Sometimes even fewer bits are needed with limited messages.
The programmer does all of the Huffman encoding and the computer
must decode the messages for display. Huffman decoding requires extensive
bit manipulation, so C is an ideal language to decode the messages.
A Huffman decoding scheme can be represented by a strictly binary
tree. A binary tree is comprised of a collection of nodes. Each node has
two descendents, often called the right and left descendents (thus the
term binary tree). The terminating node in a tree is called a leaf. In a
strictly binary tree, every nonleaf node has both a right and left descendent.
If a strictly binary tree has n leafs, it has a total of 2n – 1 nodes.

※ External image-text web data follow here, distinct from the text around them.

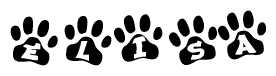 The image shows a series of animal paw prints arranged horizontally. Within each paw print, there's a letter; together they spell Elisa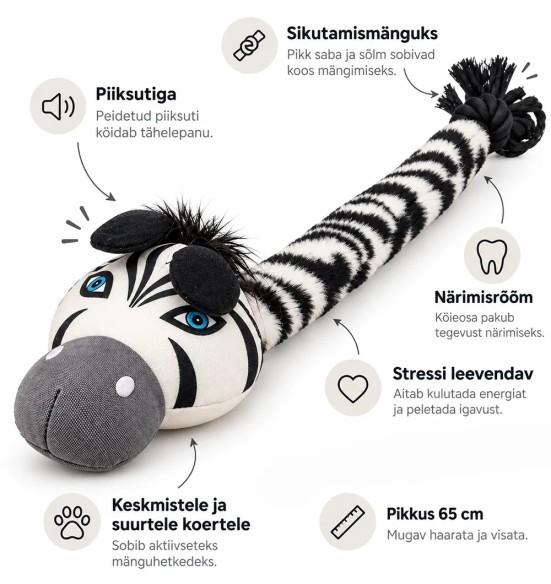 Pehme koera mänguasi Jungle Rope Stick Zebra (Pawise)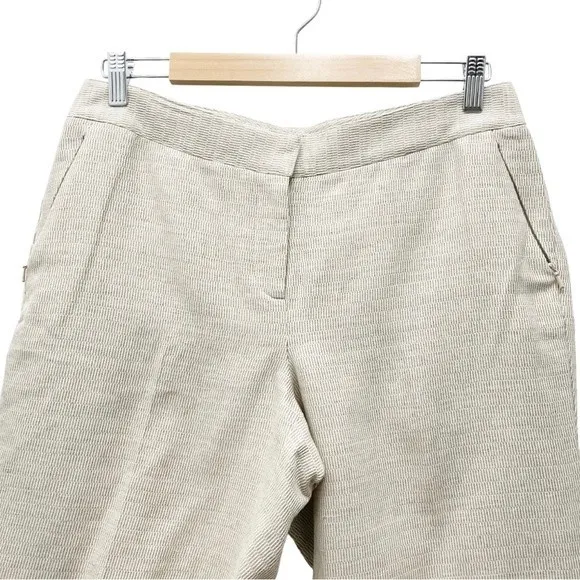 NWT W by Worth Linen Cotton Bermuda Shorts Off White Tan Tumbleweed Size 6 NEW - Image 5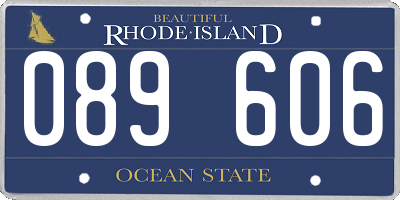 RI license plate 089606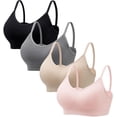 thumbnail image 1 of HBlife Sports Cami Bras Pack for Women - Basic V-Neck Padded Seamless Bras with No Underwire, 1 of 6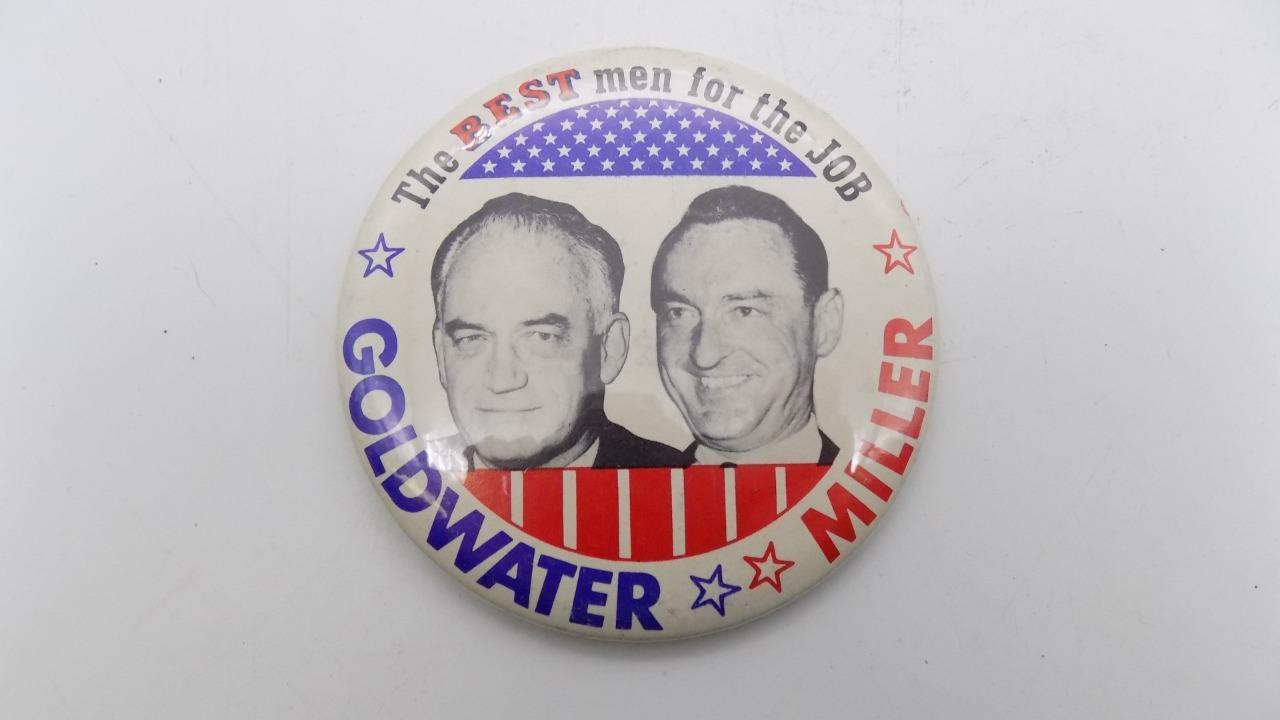 Goldwater Miller “Best Men” Pinback Button Political President Campaign 1964 NOS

The Huffman code is decoded in this manner. The sequence always
starts at the root node. The code sequence to be decoded is examined a
bit at a time. If the bit is a 0, move to the left node. If the bit is a 1,
move to the right node. The tree is traversed until a leaf is found which
contains the desired character. The sequence is then restarted at the
root node. If the tree is not known, the sequence of bits is bewildering.
Usually it is found that the occurrence of ones and zeros is about equally
likely, so no statistical analysis can be applied to decode the sequence
easily. A disadvantage is that if a single bit in the sequence is lost, the
remainder of the code stream is undecipherable. Of course, the
advantage to the Huffman code is that it takes somewhere between
one-quarter and one-half the number of bits to represent a message as
is required by the ASCII code. A Huffman Code tree is shown in Figure
5-1. The bit sequence 111111100101111010100000 as decoded by
this tree is seen to spell the word “committee.” This sequence requires
23 bits, and the ASCII code needed to represent committee is 72 bits
long. Of course, this tree was designed specifically for the word
“committee,” but try to encode other words that can be made of these
same letters such as “tic,” “me,” “come,” “tom,” “mite,” etc., and you
will find that every word that can be derived from this tree requires
fewer bits than the corresponding ASCII sequence would need.